Et si l’on avait fait le choix de développer une marque camerounaise au lieu d’aller chercher un équipementier avec la fin du contrat Puma ? La télévision payante, la téléphonie mobile ont montré qu’on pouvait adresser le marché camerounais de façon ingénieuse, dans des modèles qui lui sont propres. Et Bamboutos a démontré en 2016 que le produit dérivé fonctionnait. Point de vue
Kadji, Fotso, Sohaing, Bayero, Ngouchingué, Nana Bouba, Noutchogoin, Foyou, Mukete, Fokam, Danpullo. Connus ou pas des Camerounais, ces noms sont ceux des dix familles (ou personnes) les plus riches du Cameroun, pesant à elles seules plus de 4 milliards de dollars. Certains sont des industriels, d’autres dans le commerce, l’énergie, les activités portuaires. Mais, il ne me semble pas que nous soyons en mesure de citer un de leurs produits (ou une de leur marque) qui soient distribués dans une boutique sur les Champs-Elysées ou dans tous les centres commerciaux occidentaux.
C’est dire qu’au Cameroun, il y a un marché. Et un réseau de distribution qui n’est pas dans les radars des études internationales du marché international. Le pays n’offre pas de grands centres commerciaux avec la présence des grandes marques internationales de distribution, mais le commerce de proximité y est puissant, malgré une organisation sommaire pour ceux qui ne le connaissent pas.
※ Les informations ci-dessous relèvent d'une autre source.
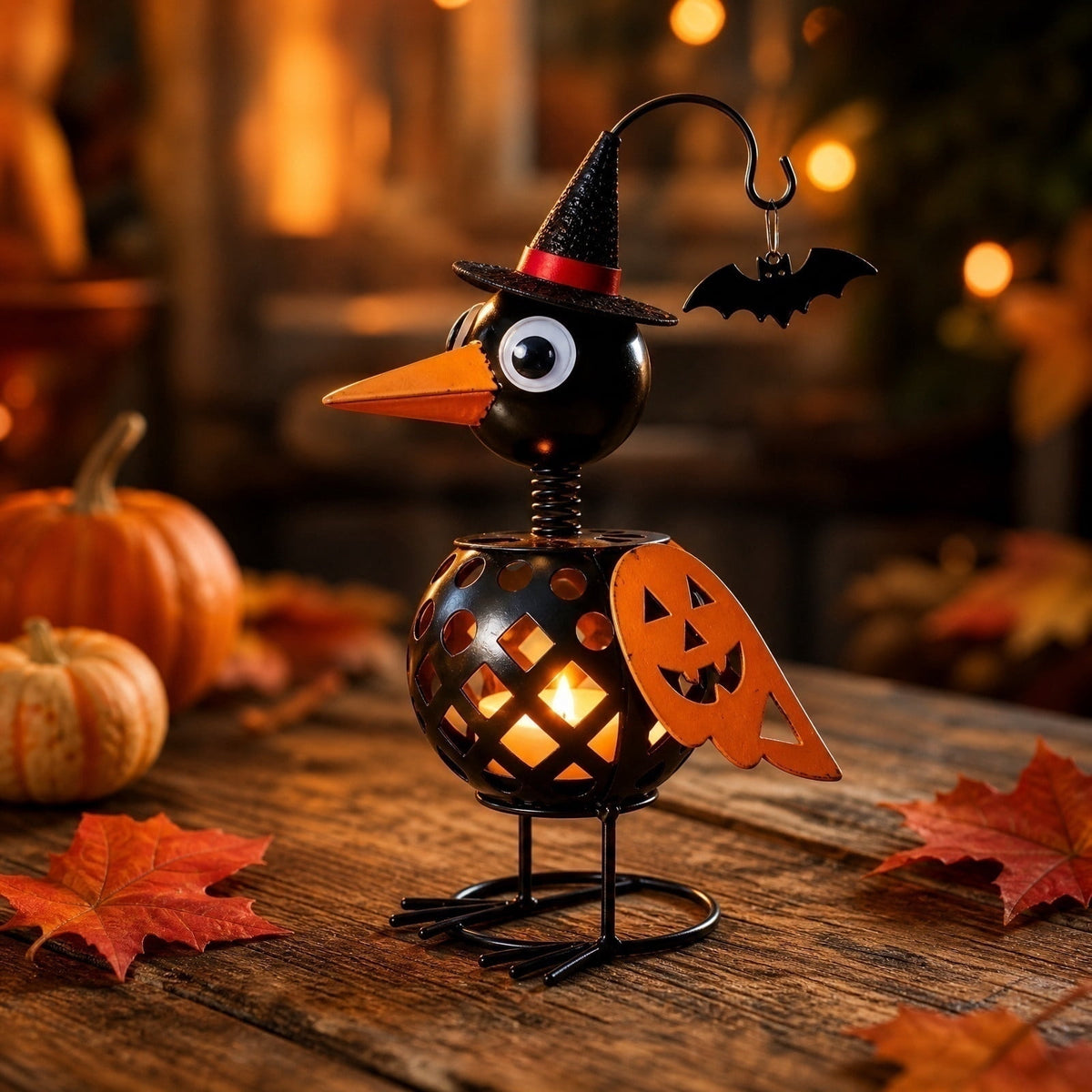 Halloween Decorations Outdoor, Lighted Hanging Ghost Decor with Witch Hat & Broom, LED Flying Ghost Decoration for Porch, Yard, Tree, Patio, Haunted House & Indoor Party 43.3in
Au moment où l’on annonce le retour du Coq sportif au Cameroun, il n’est pas totalement superflu de repenser à ces éléments. Combien de points de vente la marque française pourra-t-elle avoir au Cameroun ? Quelle est la logistique d’acheminement des produits pour les supporters ?
Un des soucis lorsque l’on parle du sponsoring, et donc de construction de l’univers d’une marque, on en oublie que derrière l’émotion, le sponsoring est avant tout un des éléments de la communication et que celle-ci est destinée à vendre un produit. Avec ce contrat, la marque parisienne vient de se payer une belle campagne de presse : sans avoir à payer de publicité, elle vient de rappeler qu’elle équipe Saint-Etienne, la Fiorentina. Tout le service commercial pourra bénéficier de ce retour de presse au moment de négocier les contrats pour les années futures.
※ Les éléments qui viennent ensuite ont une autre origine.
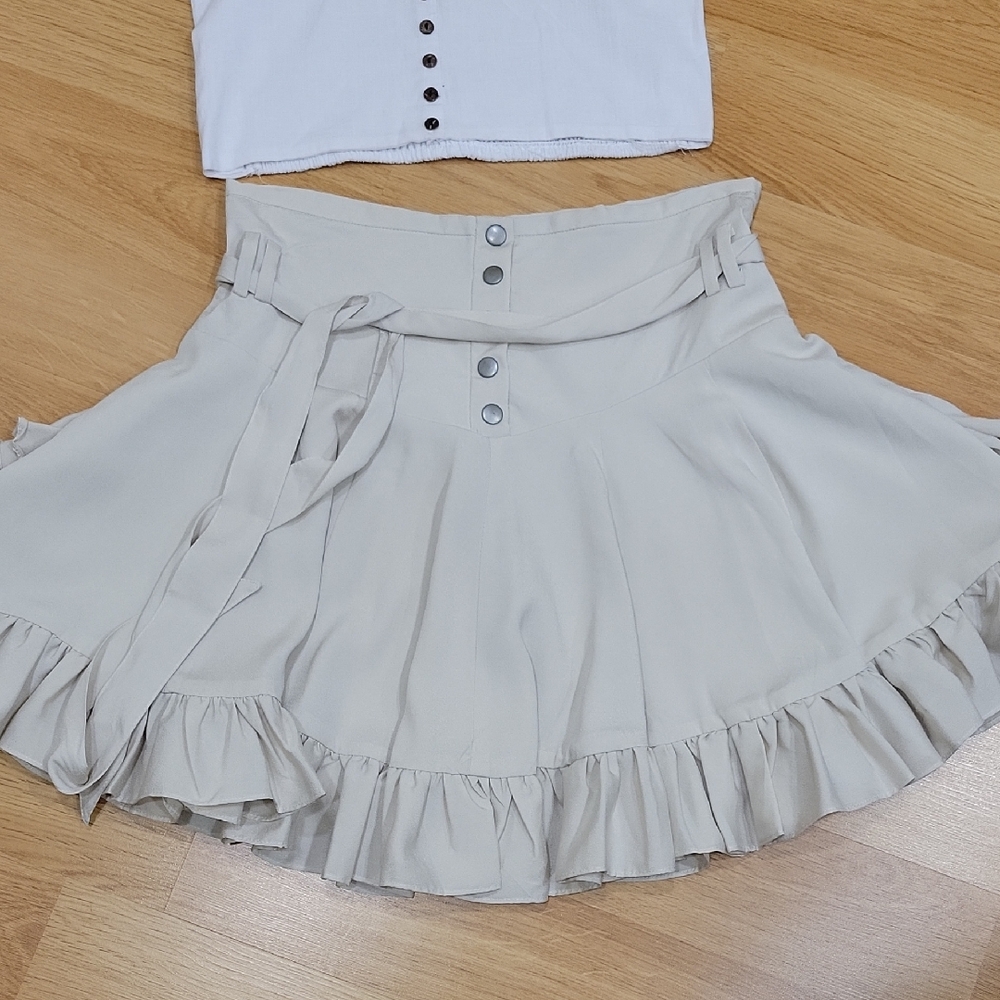 New York & Company Cream Ruffle Hem Skater Skirt with Waist Tie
Et le Cameroun dans tout ça ? Peu de choses. Avec une signature de contrat en avril et deux grosses compétitions en juin (Coupe du monde féminine et la CAN), il y a peu de chance d’avoir des lignes de vêtements dédiées. Et c’est bien le problème lorsqu’on travaille dans la précipitation, en pensant que c’est le prestige de la marque équipementier qui fait rayonner l’image du Cameroun. Or, les Lions indomptables sont d’abord soutenus par les Camerounais. Ceux de l’étranger, mais surtout ceux du Cameroun, ceux des grandes villes, ceux des villes moyennes et des campagnes. Ceux avec des hauts revenus, et ceux qui n’en ont que très peu.
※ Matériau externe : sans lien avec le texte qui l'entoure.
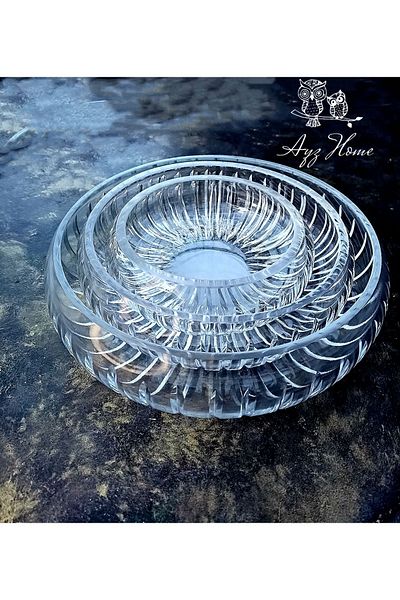 AYZ HOME Cut Crystal Glass Salad/ Presentation Bowl Set 3 Pieces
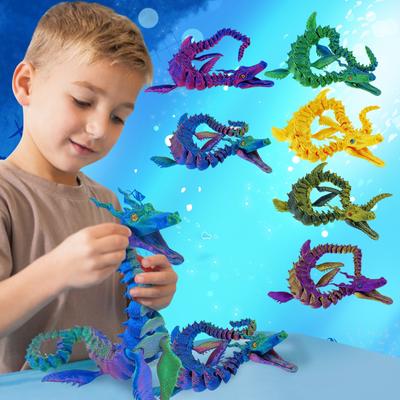 Geheimnisvoller Seedrache mit Ei, 3D-gedruckter Drache mit Ei, voll beweglicher flexibler Drache mit Eiern, 3D-gedrucktes Geschenkspielzeug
Les produits des replicas doivent donc s’adapter à ces Camerounais. Qu’il y ait des maillots, et produits en général que l’on trouve sur les marchés et dans les commerce de proximité, qu’il y en ait pour ceux qui ont d’avantage de revenus, avec le merchandising et les tarifs adaptés. Quoi de mieux qu’une entreprise camerounaise pour mieux adresser ce marché et montrer que les Lions indomptables ont une valeur ? Qu’y a-t-il de compliqué dans la confection des maillots ? Le design ? La fabrication sur des sites marocains, turcs, indonésiens, ou éthiopiens ?
Pas de magie donc à produire en série des maillots pour notre équipe nationale. Comment donc adresser le marché ? Des intelligences existent si on veut bien les associer. Comment Thierry Nyamen a-t-il imposé sa marque Tanty dans les rayons et les habitudes ? Comment les Directeurs commerciaux de Congelcam, de Fermencam, Sita, ou bien d’autres font pour que leurs produits se retrouvent dans le pays entier ? Quelle longueur de gamme pour les produits de la marque Lions indomptables ? Quels prix ? Comment développer des produits adressés au public féminin ? Demandons aux commerçants qui gèrent déjà les contrefaçons ou a Ciccam comment commercialiser un produit pour avoir durablement un succès comparable à celui du pagne du 8 mars.
Les solutions existent, les compétences sont présentes, et en encourageant cette mise en place et ce système de distribution, peut-être que les grands équipementiers reviendront pour prendre une participation au capital de cette marque. Et au véritable prix du marché.